I have installed the RHEL 2.6.9-22.0.2 i686 kernel and associated
modules
for Lustre 1.4.6. I have created an xml file based on the Single Node
Client, MDS and Two OSTs in the docs. I could not find the utilities
for
''lwizard'' or the lustre-lite-utils with a matching version
number.
(1.4.6)
Situation:
When I execute ''lconf --reformat cf2.xml'', all seems to go
well until
the
first NETWORK: line. The line before it in the example shows a
''llite''
modules being loaded, I do not show that module as being loaded - I
assume
it is part of the Lustre-lite utilities which, I hope, are not necessary
and that is why I couldn''t locate them.
On the NETWORK line itself, mine differs from that shown in the
documentation at the end of the line:
Docs: ''NETWORK: NET_host_tcp NET_host_tcp _UUID tcp host 988''
Mine: ''NETWORK: NET_cf2_tcp NET_cf2_tcp_UUID tcp cf2''
The next few lines in the docs show OSD and OST message before showing a
MDSDEV: line.

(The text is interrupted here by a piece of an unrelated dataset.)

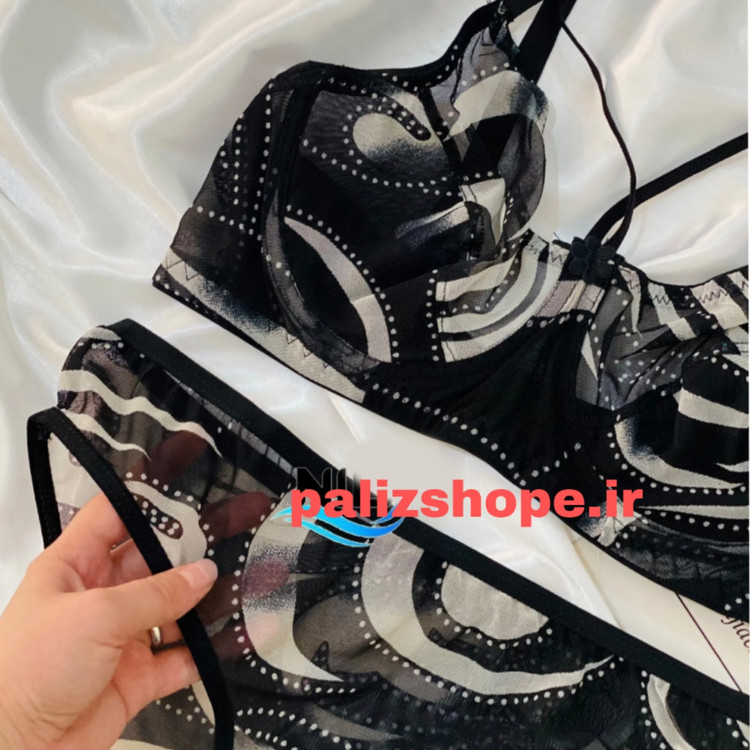 شورت و سوتین مشکی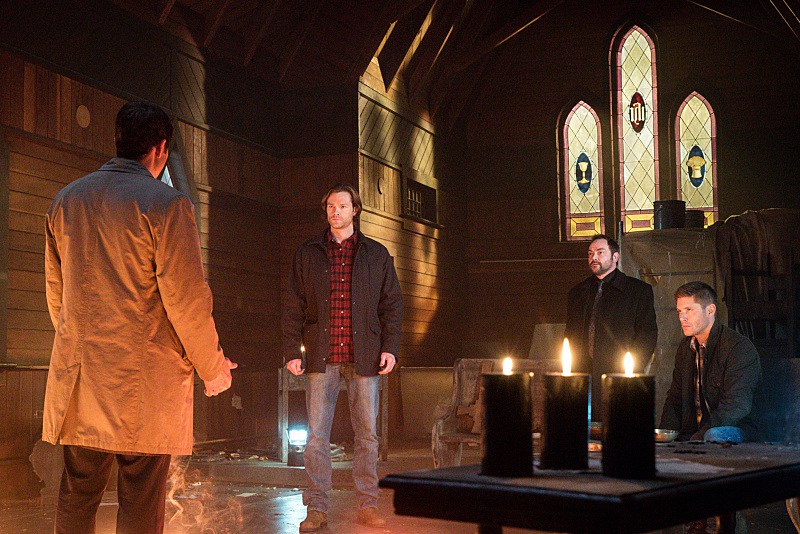 Castiel (Misha Collins) face  Sam (Jared Padalecki), Dean (Jensen Ackles) et Crowley (Mark Sheppard) dans une glise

I do not have those in my output and suspect that this is
a
major clue as to my troubles. I include the console error output below
as
well as my lmc commands that I used to make my xml file.
Note: lconf does not finish, it keeps running and generating console
errors
- I assume because it cannot complete the connection it is attempting.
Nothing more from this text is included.